Task statement:
Nothing outside the range is to be copied. From the entries below, reproduce exactly the lines starting at the one with "Golden Triangle Farm" and ending at the one with "Hardy 💙 tweet media", without pictures.

Records provided:
((

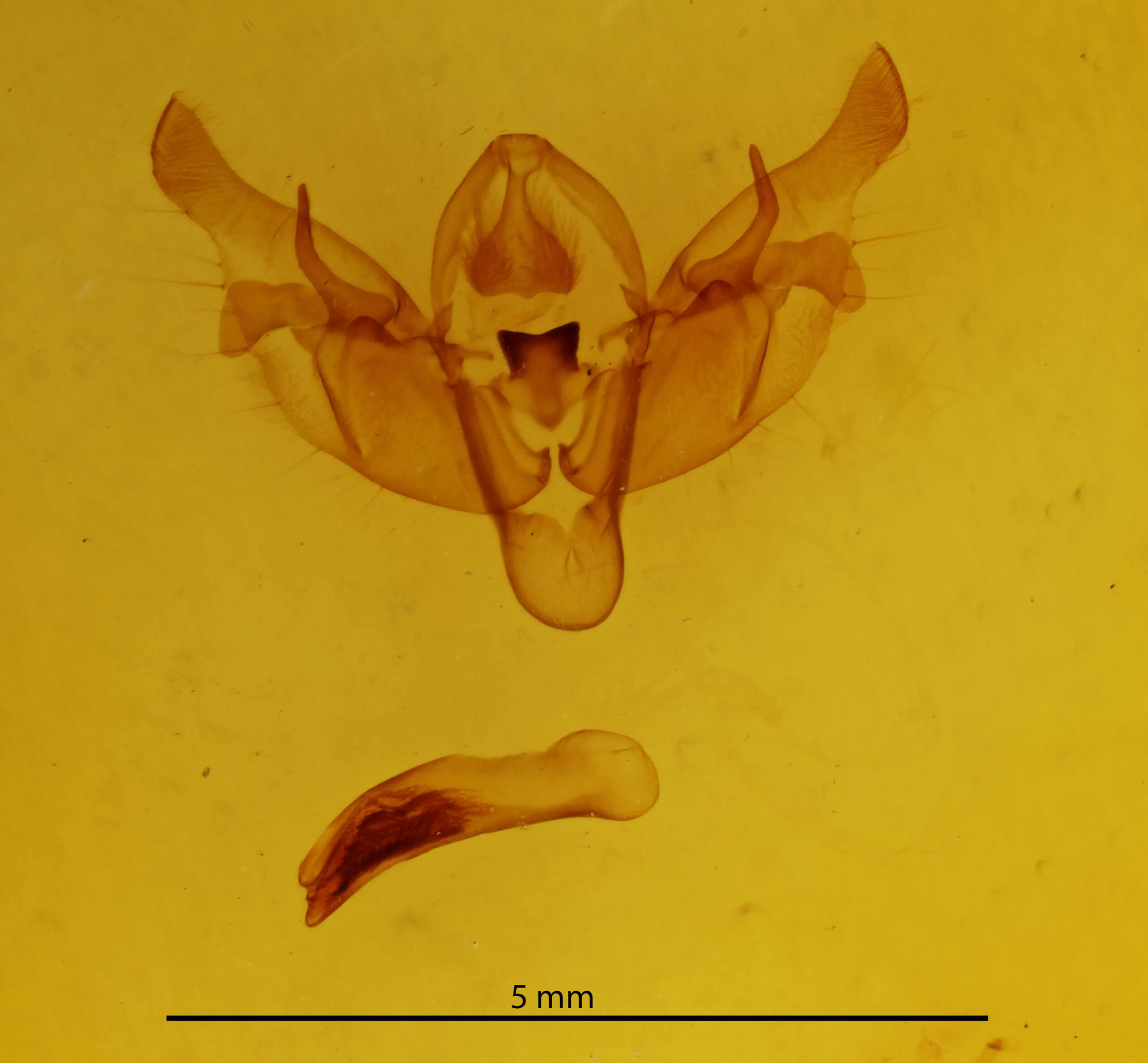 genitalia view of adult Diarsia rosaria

))
((

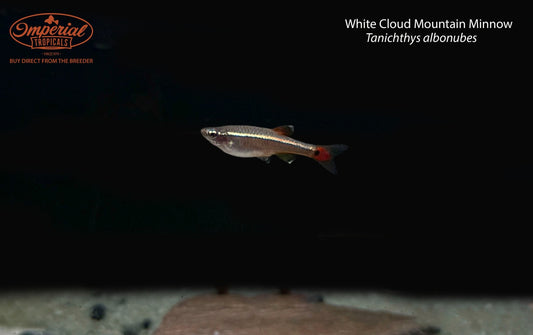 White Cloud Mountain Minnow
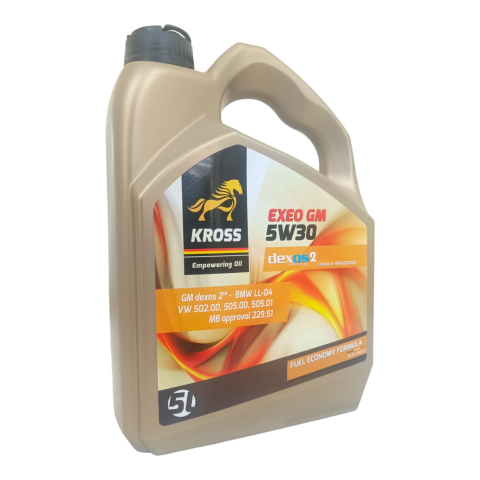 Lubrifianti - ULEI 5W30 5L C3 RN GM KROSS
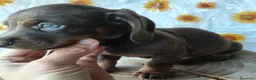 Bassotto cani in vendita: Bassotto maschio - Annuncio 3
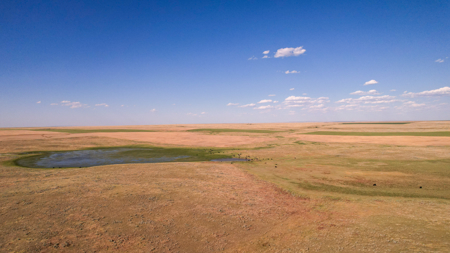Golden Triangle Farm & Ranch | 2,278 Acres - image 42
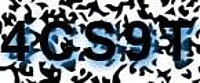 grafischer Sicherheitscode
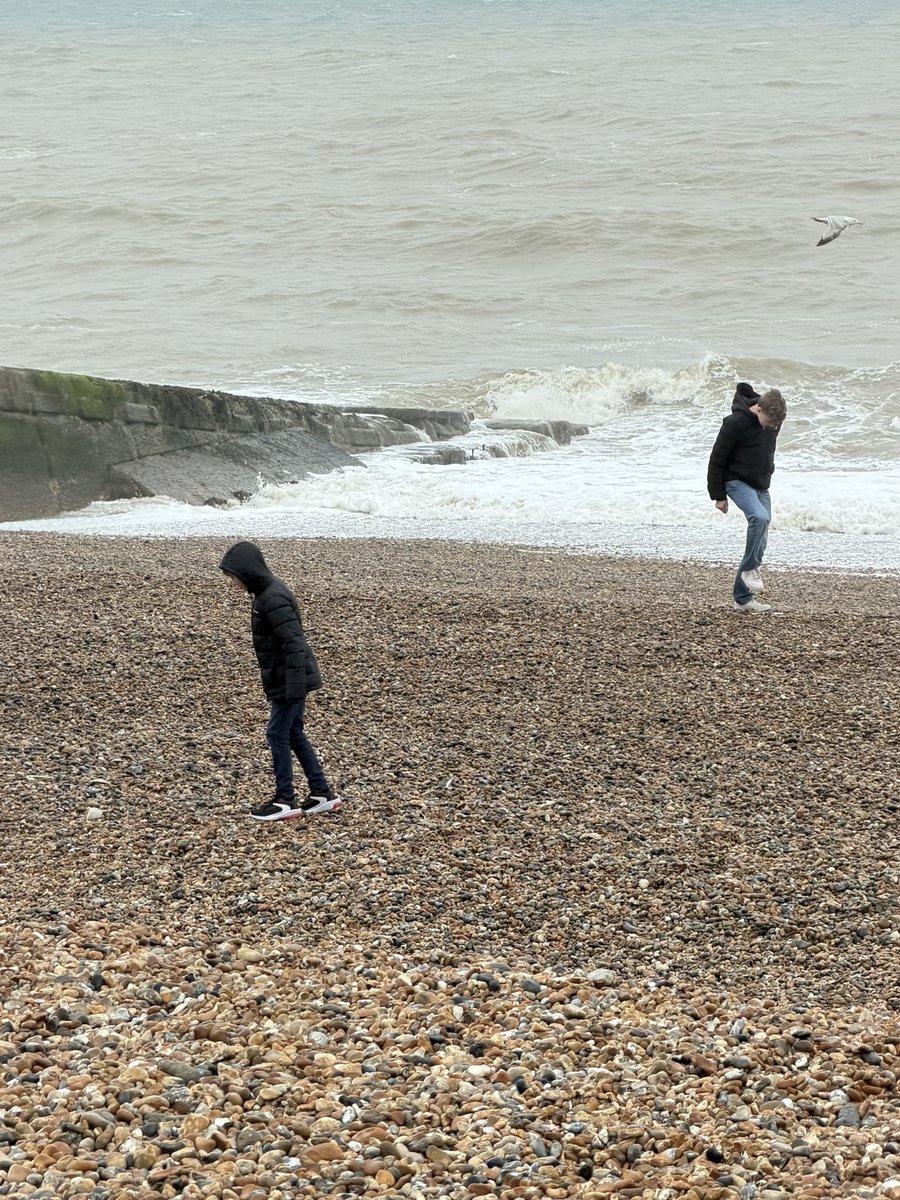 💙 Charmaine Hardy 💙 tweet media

))
((

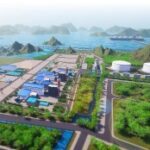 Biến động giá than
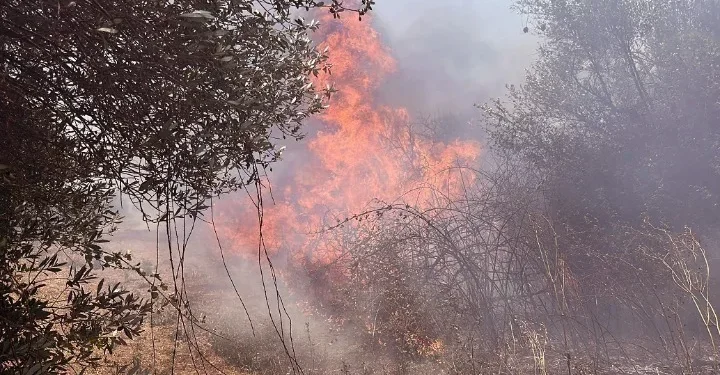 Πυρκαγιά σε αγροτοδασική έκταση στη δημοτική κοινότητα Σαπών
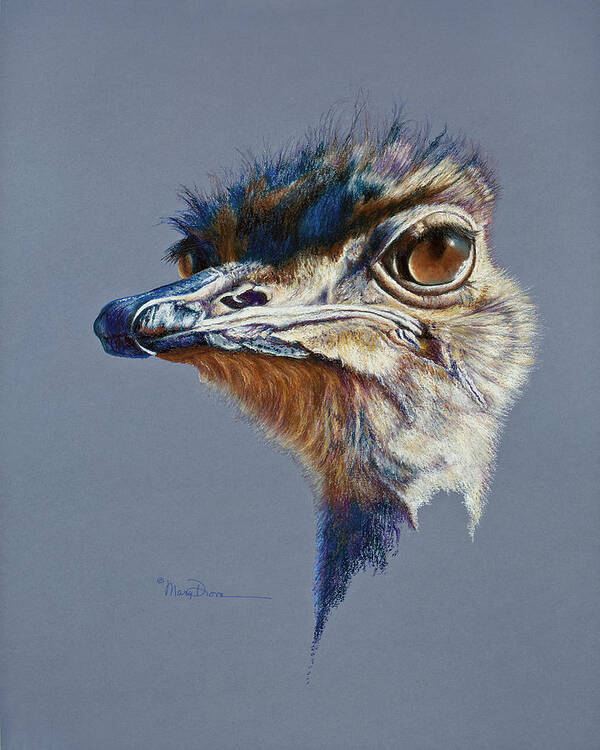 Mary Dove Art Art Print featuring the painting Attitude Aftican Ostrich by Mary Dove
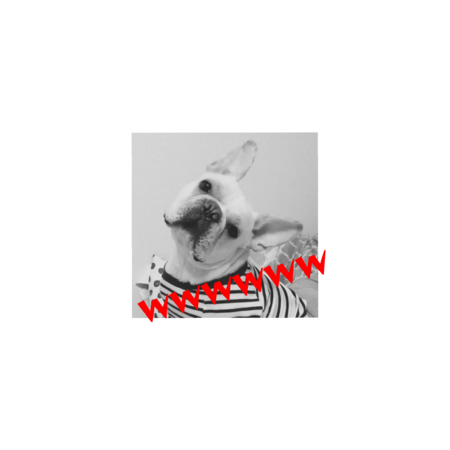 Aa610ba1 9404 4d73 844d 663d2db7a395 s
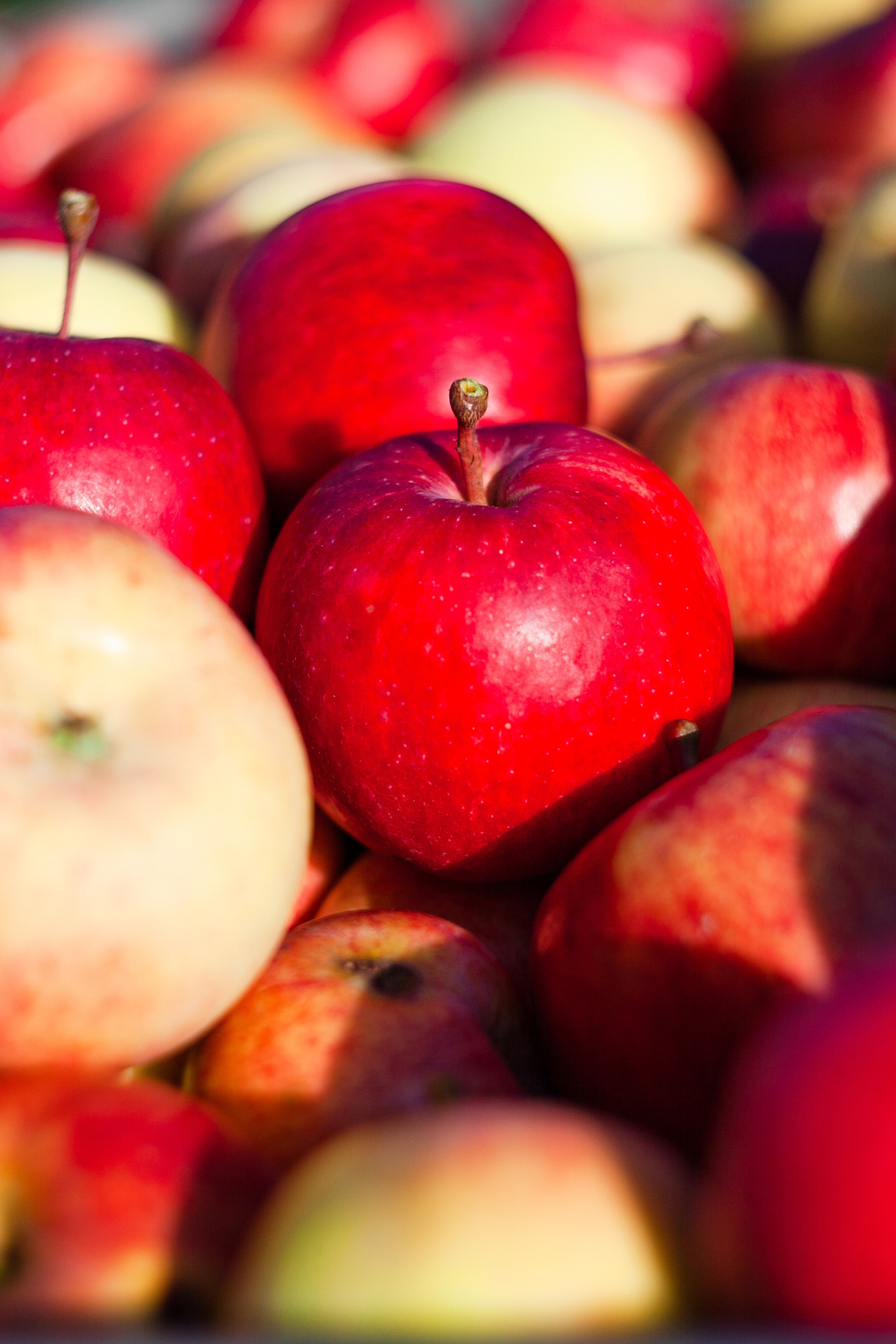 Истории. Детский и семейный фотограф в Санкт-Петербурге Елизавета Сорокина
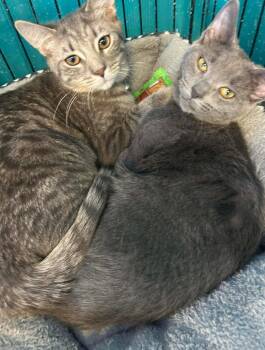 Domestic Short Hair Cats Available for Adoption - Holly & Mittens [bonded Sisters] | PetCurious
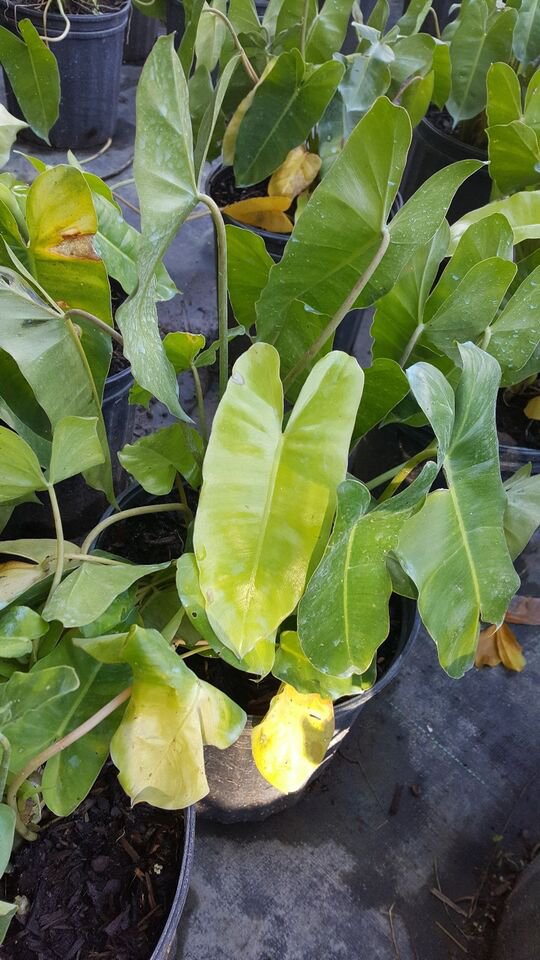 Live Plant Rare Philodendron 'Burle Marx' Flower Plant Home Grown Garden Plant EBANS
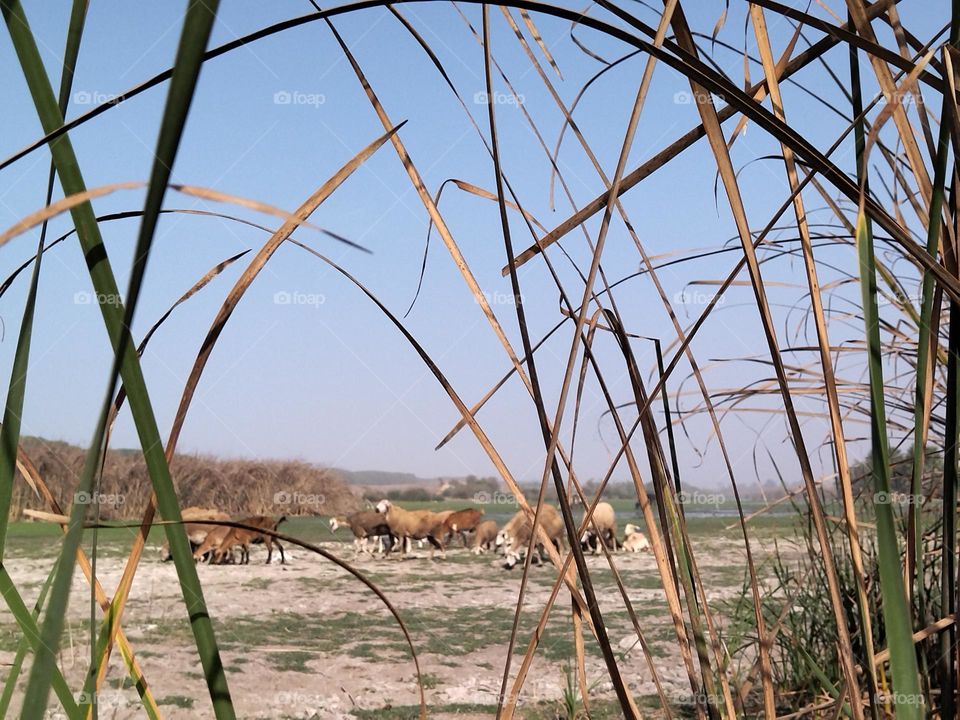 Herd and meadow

))

The answer:
Golden Triangle Farm & Ranch | 2,278 Acres - image 42
 grafischer Sicherheitscode
 💙 Charmaine Hardy 💙 tweet media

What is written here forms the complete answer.